Exercise objective:
Can you transcribe the data exactly? Leave the pictures out.

Source data:
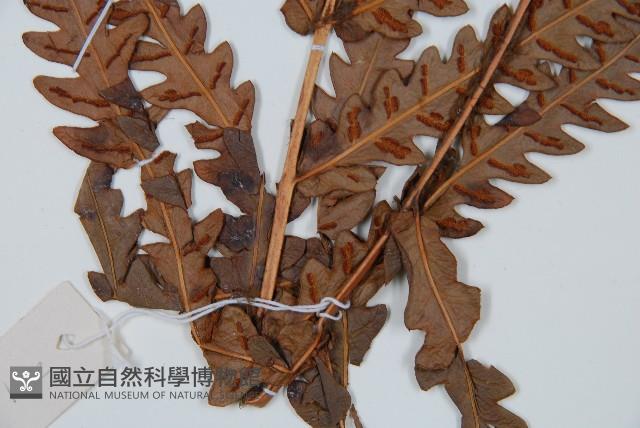 日本狗脊蕨藏品圖，第3張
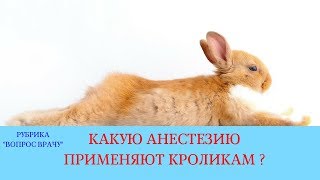 09.03.18 Анестезия кроликов. Ингаляционный (газовый) наркоз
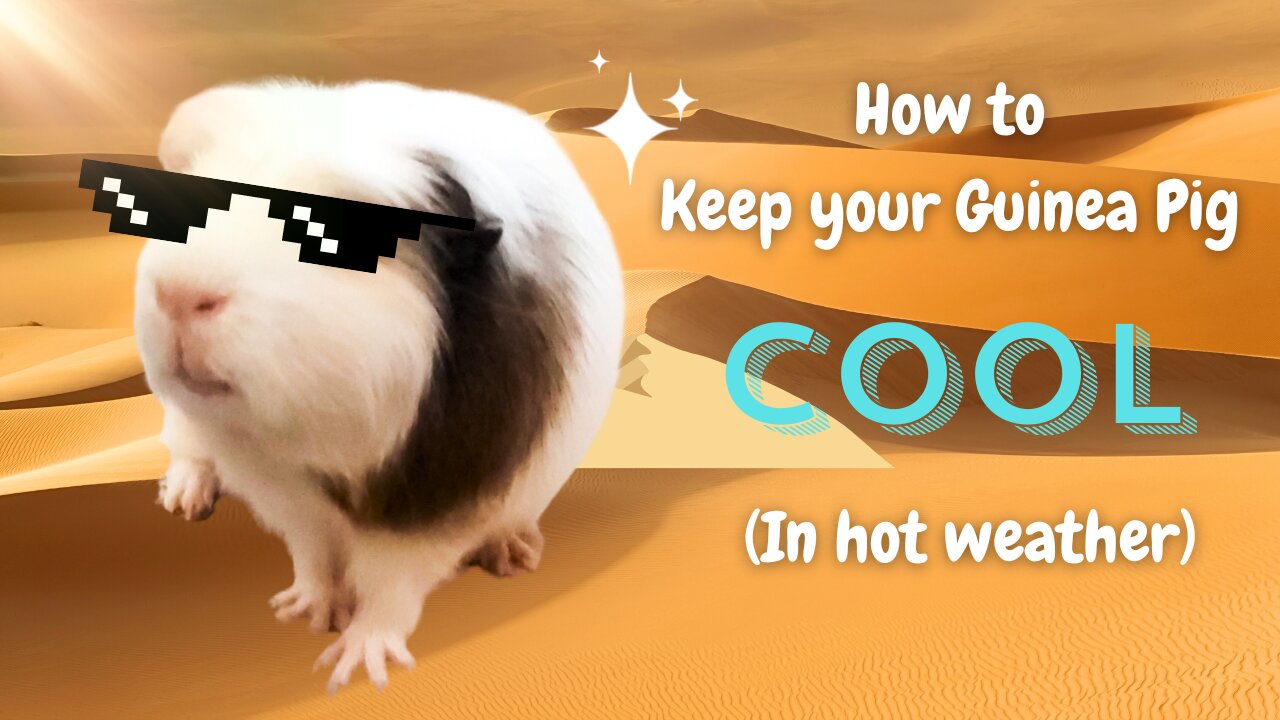 How to Keep your Guinea Pigs Cool ( In hot weather)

Solved exercise:
 日本狗脊蕨藏品圖，第3張
 09.03.18 Анестезия кроликов. Ингаляционный (газовый) наркоз
 How to Keep your Guinea Pigs Cool ( In hot weather)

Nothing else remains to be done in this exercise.